La prima fa riferimento al casco utilizzato dal pompiere, immagine che riporta quindi, in questo caso, all'incendio di Boston del 9 novembre. La poesia cerca di esaltare l'eroismo dei pompieri, che hanno cercato di salvare più persone e limitare i danni alla città stessa; allo stesso tempo è come un canto di solidarietà umana.
HELMET
"Bobby Breen's, His Boston fireman's gift
With BREEN in scarlet letters on its spread
Fantailing brim,
Tinctures of sweat and hair oil
In the withered sponge and shock-absorbing webs
Beneath the crown -
Or better say the crest, for crest it is-
Leather-trimmed, steel-ridged, hand-tooled, hand-sewn,
Tipped with a little bud of beaten copper...

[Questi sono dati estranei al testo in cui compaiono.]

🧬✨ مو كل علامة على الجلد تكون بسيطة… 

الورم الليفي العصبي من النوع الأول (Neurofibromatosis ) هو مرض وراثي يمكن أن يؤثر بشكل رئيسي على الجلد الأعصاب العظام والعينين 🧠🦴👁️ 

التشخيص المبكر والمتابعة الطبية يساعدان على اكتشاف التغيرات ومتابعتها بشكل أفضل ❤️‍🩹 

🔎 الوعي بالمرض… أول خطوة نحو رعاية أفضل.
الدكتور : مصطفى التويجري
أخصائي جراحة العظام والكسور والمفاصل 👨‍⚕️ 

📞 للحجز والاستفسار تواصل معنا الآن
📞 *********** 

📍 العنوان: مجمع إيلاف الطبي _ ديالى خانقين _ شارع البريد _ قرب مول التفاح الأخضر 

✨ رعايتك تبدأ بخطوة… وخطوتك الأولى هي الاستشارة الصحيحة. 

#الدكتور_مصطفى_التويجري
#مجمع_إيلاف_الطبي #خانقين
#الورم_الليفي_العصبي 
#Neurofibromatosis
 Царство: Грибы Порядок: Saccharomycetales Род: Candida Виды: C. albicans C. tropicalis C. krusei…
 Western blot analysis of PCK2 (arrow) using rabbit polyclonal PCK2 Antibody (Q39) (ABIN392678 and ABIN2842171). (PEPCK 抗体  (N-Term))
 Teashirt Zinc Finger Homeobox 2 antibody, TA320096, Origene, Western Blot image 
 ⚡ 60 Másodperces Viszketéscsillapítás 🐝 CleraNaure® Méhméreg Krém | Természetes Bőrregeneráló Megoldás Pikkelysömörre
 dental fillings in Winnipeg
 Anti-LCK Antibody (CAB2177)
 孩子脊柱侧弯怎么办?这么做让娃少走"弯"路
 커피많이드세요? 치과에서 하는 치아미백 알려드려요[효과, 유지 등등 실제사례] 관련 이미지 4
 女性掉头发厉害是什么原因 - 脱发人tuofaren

Bobby Breen's badged helmet's on my shelf
These twenty years, "the headger
Of the tribe", ad O'Grady called it
In right heroic mood that afternoon
When the fireman-poet presented it to me
As the "visiting fireman" -
As if I were up to it, as if I had
Served time under it, his fire-thane's shield,
His shoulder-awning, while shattering glass
And rubble-bolts out of a burning roof
Hailed down on every hatchet man and hose man there
Till the hard-reared shield-wall broke. "
Seasums Heaney, District and Circle, Farrar, Straus and Giroux, Faber and Faber, 2006.
La seconda poesia che vorrei proporre è una poesia di David Rowbotham, giornalista e scrittore australiano che narra, nella maggior parte delle sue poesie, di storia e come si può ben capire da questa poesia, delle guerre.
Guerre, che attaccano e tutti cercano di salvarsi, arrivando, quasi ironicamente, ad indossare un casco anche nel prato.
WEAR HELMETS ON THE LAWN..
"The world attack at dawn
Wear helmets on the lawn.
Most houses sanction war
in their want to save, from breaking,
garden and things worth fighting for,
with the fears of their own making.
Take down precaution from the wall
where it hangs, a too late shelter
for the house which, like a shell,
allowed and made the welter.
The host and the guest both look out.
It is the time for looking
as, in the shell of the fired shot,
emptiness is smoking.
The world attacks at dawn.
Wear helmets on the lawn."
David Rowbotham, The ebony gates: New and wayside poems, Central Queensland University Pres, 1996.